特に、軍政は無差別空爆を激化させる中で、UABの存在はその活動を支える重要な要素とされており、そのためにも国際社会からのさらなる圧力が必要とされています。UABとその関係を持つ企業に対し、国際的な倫理基準に基づいた行動が求められています。
市民団体の質問状
2025年7月17日、ジャスティス・フォー・ミャンマーやメコン・ウォッチを含む日本の市民団体は、JCBに対して質問状を送付しました。その内容は、JCBがUABとの取引を続けることが持つ人権面でのリスクについて問うものであり、具体的には以下の三点が挙げられました:
1. ミャンマーにおける事業活動に関連した人権デューデリジェンスの実施状況。
2. 国際犯罪に加担するリスクをどのように評価し、軽減しているか。
3. 国連特別報告者からの勧告を受けて、UABとの関係を終了する意向があるか否か。

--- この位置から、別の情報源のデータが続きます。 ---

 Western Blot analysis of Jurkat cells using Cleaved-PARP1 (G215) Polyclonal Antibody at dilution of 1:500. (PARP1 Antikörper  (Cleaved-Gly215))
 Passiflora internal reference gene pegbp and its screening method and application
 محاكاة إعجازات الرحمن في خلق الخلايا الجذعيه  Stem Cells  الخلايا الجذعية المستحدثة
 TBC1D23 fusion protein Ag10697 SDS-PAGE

しかし、JCBからの返答は未だありません。この無反応に対して、市民団体は批判を強めています。彼らは、企業が自身の利益を守るために人権問題を無視することは決して容認できないと訴えています。
倫理的問題と国際人権責任
メコン・ウォッチの事務局長、木口由香は、「日本企業は利益追求の中で国際的な人権基準を無視してはならない」と強く訴えています。また、JCBの沈黙は、同社が国際的なブランドとしての信頼を損なうものであり、人権問題への責任を果たすことが不可欠であると指摘しています。
ジャスティス・フォー・ミャンマーのヤダナーマウンは、JCBが依然として軍政の支援に関与していることを容認できないと述べ、即刻の対応を求めています。
JCBの今後の対応に注目
2025年11月現在、JCBは市民団体からの質問状に対し、一切の回答を行っていません。このまま沈黙を続けることが、同社にとって長期的に信頼性を失うことにつながる可能性が高いことは明白です。国際的な人権基準に基づき、JCBがどのように行動を変えるのか、注目されるところです。
この状況が解決に向かうことを願い、関心を持つ市民として声を上げ続けていきたいと思います。